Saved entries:
════════════════════
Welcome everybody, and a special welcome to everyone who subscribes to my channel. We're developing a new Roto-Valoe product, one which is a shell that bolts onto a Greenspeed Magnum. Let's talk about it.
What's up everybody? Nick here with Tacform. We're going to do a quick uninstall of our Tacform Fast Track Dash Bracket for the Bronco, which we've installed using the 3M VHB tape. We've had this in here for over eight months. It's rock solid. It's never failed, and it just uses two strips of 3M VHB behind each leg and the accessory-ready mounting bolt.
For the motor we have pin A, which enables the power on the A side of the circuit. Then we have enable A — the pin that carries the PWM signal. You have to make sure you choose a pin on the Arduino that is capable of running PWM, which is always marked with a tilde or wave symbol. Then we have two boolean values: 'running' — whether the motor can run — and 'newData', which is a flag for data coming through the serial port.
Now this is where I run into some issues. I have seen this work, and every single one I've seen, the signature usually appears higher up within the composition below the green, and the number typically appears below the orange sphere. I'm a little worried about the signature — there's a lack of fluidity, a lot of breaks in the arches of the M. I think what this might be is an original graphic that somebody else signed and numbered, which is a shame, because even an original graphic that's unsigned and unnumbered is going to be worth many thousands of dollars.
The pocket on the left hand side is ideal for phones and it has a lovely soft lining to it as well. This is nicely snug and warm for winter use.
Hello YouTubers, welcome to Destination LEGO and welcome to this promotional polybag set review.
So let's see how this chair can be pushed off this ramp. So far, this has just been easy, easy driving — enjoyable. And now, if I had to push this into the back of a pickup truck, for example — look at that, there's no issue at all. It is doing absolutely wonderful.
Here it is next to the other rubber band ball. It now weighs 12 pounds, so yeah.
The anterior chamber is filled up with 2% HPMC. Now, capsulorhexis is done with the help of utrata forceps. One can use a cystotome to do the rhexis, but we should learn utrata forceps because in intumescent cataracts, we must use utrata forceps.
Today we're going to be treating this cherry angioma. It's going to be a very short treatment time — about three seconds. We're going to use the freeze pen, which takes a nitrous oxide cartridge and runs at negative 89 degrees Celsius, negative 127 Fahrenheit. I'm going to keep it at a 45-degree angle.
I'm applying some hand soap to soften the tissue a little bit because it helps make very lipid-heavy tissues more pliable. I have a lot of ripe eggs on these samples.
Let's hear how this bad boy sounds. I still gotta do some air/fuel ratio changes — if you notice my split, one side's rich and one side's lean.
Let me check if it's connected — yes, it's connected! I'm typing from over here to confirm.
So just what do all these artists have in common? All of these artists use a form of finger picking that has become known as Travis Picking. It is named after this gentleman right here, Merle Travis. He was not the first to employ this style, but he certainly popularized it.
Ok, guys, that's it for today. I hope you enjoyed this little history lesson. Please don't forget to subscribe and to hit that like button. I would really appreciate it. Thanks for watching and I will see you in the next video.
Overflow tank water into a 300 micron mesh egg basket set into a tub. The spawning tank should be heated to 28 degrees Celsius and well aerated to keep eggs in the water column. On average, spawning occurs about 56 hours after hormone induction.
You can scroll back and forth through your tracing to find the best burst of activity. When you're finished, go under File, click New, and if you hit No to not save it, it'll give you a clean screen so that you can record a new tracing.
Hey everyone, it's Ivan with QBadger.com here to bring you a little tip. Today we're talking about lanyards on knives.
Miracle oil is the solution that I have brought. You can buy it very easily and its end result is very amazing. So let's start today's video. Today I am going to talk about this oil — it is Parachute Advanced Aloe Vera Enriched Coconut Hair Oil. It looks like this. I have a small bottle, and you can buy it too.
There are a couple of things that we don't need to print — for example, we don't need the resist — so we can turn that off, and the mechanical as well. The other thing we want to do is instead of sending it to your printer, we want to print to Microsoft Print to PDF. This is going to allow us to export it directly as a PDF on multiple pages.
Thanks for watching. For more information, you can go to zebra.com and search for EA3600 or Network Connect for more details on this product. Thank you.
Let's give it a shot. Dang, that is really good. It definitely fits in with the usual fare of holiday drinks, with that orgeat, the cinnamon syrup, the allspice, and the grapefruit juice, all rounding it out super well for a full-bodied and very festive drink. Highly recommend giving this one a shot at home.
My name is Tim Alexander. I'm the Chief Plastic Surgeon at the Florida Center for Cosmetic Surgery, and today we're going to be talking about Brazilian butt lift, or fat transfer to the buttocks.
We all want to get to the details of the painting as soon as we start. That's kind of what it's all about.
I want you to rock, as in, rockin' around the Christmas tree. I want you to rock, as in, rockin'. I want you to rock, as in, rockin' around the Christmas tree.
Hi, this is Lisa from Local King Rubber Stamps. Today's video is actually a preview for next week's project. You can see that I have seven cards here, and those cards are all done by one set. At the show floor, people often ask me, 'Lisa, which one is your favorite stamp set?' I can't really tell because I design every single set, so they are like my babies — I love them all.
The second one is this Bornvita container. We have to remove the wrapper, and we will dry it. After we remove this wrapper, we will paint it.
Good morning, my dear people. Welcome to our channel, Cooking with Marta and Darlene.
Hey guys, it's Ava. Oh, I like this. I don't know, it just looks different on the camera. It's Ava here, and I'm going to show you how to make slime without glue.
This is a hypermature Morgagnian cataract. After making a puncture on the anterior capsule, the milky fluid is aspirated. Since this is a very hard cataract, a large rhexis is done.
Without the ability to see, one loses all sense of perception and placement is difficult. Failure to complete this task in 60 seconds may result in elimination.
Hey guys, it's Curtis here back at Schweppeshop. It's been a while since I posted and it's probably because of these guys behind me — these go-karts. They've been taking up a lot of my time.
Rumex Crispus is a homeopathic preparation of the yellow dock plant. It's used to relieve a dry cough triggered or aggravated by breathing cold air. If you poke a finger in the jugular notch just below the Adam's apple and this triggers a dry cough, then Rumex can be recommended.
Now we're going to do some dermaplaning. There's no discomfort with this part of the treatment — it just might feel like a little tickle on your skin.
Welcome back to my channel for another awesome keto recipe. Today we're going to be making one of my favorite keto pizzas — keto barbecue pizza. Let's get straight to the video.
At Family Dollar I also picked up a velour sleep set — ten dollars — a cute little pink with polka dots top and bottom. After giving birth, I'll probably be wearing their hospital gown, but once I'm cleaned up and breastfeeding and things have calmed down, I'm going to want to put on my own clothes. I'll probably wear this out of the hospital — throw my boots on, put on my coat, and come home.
════════════════════
**TASK DESCRIPTION:** For every line in the data above that has the string "time", return that line.

**ANSWER SECTION:**
Today we're going to be treating this cherry angioma. It's going to be a very short treatment time — about three seconds. We're going to use the freeze pen, which takes a nitrous oxide cartridge and runs at negative 89 degrees Celsius, negative 127 Fahrenheit. I'm going to keep it at a 45-degree angle.
Hey guys, it's Curtis here back at Schweppeshop. It's been a while since I posted and it's probably because of these guys behind me — these go-karts. They've been taking up a lot of my time.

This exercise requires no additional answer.